EXERCISE
Reproduce nothing but the lines from the one containing "抖音评论代,高效提升曝光率,让你的账号曝光率翻倍!" to the end of the records below, each exactly as written.

Scraped caption text data
------------------------------------------------------------------------

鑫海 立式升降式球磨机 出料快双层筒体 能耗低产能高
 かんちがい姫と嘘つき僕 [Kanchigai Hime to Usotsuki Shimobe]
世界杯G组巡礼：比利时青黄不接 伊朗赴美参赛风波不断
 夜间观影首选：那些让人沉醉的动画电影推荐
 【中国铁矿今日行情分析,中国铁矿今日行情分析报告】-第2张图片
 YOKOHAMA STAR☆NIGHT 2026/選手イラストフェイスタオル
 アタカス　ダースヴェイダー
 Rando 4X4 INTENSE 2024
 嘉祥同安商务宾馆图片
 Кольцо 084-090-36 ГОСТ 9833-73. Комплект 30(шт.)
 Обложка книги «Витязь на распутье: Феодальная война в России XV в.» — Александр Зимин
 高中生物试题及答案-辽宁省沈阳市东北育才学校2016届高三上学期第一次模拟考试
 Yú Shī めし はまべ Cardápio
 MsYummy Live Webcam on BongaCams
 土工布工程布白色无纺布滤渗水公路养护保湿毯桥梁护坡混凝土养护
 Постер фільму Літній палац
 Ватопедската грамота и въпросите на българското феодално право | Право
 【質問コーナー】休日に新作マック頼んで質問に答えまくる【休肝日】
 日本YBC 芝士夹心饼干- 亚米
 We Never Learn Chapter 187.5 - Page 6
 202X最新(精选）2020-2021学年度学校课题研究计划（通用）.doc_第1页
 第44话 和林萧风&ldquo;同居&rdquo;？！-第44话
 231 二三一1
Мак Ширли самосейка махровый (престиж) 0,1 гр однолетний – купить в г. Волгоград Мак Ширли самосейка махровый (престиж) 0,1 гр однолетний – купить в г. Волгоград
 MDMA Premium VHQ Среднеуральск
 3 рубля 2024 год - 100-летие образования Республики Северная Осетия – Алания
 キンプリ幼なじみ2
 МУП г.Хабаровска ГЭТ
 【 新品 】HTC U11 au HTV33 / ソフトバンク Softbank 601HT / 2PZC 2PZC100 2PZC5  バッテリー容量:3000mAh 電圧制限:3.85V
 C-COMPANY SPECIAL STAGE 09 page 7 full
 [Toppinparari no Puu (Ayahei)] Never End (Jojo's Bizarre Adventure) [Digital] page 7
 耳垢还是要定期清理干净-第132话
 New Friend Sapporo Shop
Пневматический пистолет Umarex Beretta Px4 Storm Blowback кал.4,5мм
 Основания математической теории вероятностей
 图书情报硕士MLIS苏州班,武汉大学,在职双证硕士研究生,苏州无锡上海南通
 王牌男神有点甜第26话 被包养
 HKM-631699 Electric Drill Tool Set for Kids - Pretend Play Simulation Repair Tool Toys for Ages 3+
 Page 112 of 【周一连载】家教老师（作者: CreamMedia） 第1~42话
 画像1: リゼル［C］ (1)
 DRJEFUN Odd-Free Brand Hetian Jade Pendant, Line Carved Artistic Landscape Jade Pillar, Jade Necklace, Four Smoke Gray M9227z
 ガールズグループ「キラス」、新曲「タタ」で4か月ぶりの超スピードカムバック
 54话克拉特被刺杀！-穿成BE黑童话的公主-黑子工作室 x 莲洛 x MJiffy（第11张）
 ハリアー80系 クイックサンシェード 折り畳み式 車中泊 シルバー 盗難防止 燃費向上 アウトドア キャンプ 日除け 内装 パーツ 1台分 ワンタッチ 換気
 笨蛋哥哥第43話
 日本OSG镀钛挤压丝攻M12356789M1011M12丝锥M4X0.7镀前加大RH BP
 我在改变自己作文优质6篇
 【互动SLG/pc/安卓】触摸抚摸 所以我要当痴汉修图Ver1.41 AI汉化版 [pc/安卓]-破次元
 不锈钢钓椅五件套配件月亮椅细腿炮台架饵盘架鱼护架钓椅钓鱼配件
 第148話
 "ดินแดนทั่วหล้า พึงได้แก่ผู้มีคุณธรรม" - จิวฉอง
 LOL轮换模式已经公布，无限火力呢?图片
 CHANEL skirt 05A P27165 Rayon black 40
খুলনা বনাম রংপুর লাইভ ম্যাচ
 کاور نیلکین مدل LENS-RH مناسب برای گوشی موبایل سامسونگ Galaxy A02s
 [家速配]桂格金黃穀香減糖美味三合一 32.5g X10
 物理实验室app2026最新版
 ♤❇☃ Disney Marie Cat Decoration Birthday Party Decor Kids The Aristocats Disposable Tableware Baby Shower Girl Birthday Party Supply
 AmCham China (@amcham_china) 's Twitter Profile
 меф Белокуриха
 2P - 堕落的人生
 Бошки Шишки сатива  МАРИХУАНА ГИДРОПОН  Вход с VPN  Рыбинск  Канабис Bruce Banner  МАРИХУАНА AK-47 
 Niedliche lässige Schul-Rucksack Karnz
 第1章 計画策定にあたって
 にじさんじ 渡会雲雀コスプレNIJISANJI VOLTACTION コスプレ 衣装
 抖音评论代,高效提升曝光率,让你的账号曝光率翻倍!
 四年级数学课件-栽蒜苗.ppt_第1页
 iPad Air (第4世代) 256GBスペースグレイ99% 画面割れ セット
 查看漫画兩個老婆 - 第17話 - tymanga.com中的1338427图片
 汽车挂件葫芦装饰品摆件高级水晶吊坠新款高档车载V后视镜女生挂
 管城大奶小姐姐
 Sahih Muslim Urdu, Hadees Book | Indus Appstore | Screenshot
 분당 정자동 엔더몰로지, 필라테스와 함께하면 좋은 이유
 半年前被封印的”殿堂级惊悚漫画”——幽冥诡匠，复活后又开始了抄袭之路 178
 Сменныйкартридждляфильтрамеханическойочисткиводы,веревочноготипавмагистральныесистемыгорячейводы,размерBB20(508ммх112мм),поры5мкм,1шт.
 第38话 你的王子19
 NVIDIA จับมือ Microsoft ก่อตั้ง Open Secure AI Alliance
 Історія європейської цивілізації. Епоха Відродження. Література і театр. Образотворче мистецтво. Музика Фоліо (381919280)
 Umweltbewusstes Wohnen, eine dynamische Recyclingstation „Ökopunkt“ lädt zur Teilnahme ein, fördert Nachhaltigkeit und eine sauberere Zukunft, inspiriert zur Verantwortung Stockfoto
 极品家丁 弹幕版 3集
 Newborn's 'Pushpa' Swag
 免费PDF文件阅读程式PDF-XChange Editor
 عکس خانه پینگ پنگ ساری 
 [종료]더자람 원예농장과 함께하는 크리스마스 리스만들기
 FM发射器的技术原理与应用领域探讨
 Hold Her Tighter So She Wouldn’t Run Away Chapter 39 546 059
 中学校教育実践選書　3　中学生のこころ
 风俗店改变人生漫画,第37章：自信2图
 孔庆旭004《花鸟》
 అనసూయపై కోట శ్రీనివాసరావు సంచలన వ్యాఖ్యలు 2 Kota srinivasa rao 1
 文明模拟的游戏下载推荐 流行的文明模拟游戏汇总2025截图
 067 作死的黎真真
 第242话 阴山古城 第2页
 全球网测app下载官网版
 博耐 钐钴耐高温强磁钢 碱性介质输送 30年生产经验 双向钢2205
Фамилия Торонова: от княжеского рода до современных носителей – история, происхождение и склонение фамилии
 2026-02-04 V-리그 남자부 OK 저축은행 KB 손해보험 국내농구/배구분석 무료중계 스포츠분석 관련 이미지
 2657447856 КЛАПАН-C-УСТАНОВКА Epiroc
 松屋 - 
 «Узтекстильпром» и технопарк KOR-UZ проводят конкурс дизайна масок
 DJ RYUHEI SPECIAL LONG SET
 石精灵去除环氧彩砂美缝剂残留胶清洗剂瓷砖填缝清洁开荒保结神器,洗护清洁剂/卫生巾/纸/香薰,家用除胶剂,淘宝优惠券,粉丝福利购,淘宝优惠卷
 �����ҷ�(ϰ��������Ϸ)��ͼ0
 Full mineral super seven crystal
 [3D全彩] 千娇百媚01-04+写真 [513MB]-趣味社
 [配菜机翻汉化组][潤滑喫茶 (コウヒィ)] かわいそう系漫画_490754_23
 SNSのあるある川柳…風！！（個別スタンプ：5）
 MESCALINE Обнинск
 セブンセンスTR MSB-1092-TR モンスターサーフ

------------------------------------------------------------------------

YOUR RESPONSE
 抖音评论代,高效提升曝光率,让你的账号曝光率翻倍!
 四年级数学课件-栽蒜苗.ppt_第1页
 iPad Air (第4世代) 256GBスペースグレイ99% 画面割れ セット
 查看漫画兩個老婆 - 第17話 - tymanga.com中的1338427图片
 汽车挂件葫芦装饰品摆件高级水晶吊坠新款高档车载V后视镜女生挂
 管城大奶小姐姐
 Sahih Muslim Urdu, Hadees Book | Indus Appstore | Screenshot
 분당 정자동 엔더몰로지, 필라테스와 함께하면 좋은 이유
 半年前被封印的”殿堂级惊悚漫画”——幽冥诡匠，复活后又开始了抄袭之路 178
 Сменныйкартридждляфильтрамеханическойочисткиводы,веревочноготипавмагистральныесистемыгорячейводы,размерBB20(508ммх112мм),поры5мкм,1шт.
 第38话 你的王子19
 NVIDIA จับมือ Microsoft ก่อตั้ง Open Secure AI Alliance
 Історія європейської цивілізації. Епоха Відродження. Література і театр. Образотворче мистецтво. Музика Фоліо (381919280)
 Umweltbewusstes Wohnen, eine dynamische Recyclingstation „Ökopunkt“ lädt zur Teilnahme ein, fördert Nachhaltigkeit und eine sauberere Zukunft, inspiriert zur Verantwortung Stockfoto
 极品家丁 弹幕版 3集
 Newborn's 'Pushpa' Swag
 免费PDF文件阅读程式PDF-XChange Editor
 عکس خانه پینگ پنگ ساری 
 [종료]더자람 원예농장과 함께하는 크리스마스 리스만들기
 FM发射器的技术原理与应用领域探讨
 Hold Her Tighter So She Wouldn’t Run Away Chapter 39 546 059
 中学校教育実践選書　3　中学生のこころ
 风俗店改变人生漫画,第37章：自信2图
 孔庆旭004《花鸟》
 అనసూయపై కోట శ్రీనివాసరావు సంచలన వ్యాఖ్యలు 2 Kota srinivasa rao 1
 文明模拟的游戏下载推荐 流行的文明模拟游戏汇总2025截图
 067 作死的黎真真
 第242话 阴山古城 第2页
 全球网测app下载官网版
 博耐 钐钴耐高温强磁钢 碱性介质输送 30年生产经验 双向钢2205
Фамилия Торонова: от княжеского рода до современных носителей – история, происхождение и склонение фамилии
 2026-02-04 V-리그 남자부 OK 저축은행 KB 손해보험 국내농구/배구분석 무료중계 스포츠분석 관련 이미지
 2657447856 КЛАПАН-C-УСТАНОВКА Epiroc
 松屋 - 
 «Узтекстильпром» и технопарк KOR-UZ проводят конкурс дизайна масок
 DJ RYUHEI SPECIAL LONG SET
 石精灵去除环氧彩砂美缝剂残留胶清洗剂瓷砖填缝清洁开荒保结神器,洗护清洁剂/卫生巾/纸/香薰,家用除胶剂,淘宝优惠券,粉丝福利购,淘宝优惠卷
 �����ҷ�(ϰ��������Ϸ)��ͼ0
 Full mineral super seven crystal
 [3D全彩] 千娇百媚01-04+写真 [513MB]-趣味社
 [配菜机翻汉化组][潤滑喫茶 (コウヒィ)] かわいそう系漫画_490754_23
 SNSのあるある川柳…風！！（個別スタンプ：5）
 MESCALINE Обнинск
 セブンセンスTR MSB-1092-TR モンスターサーフ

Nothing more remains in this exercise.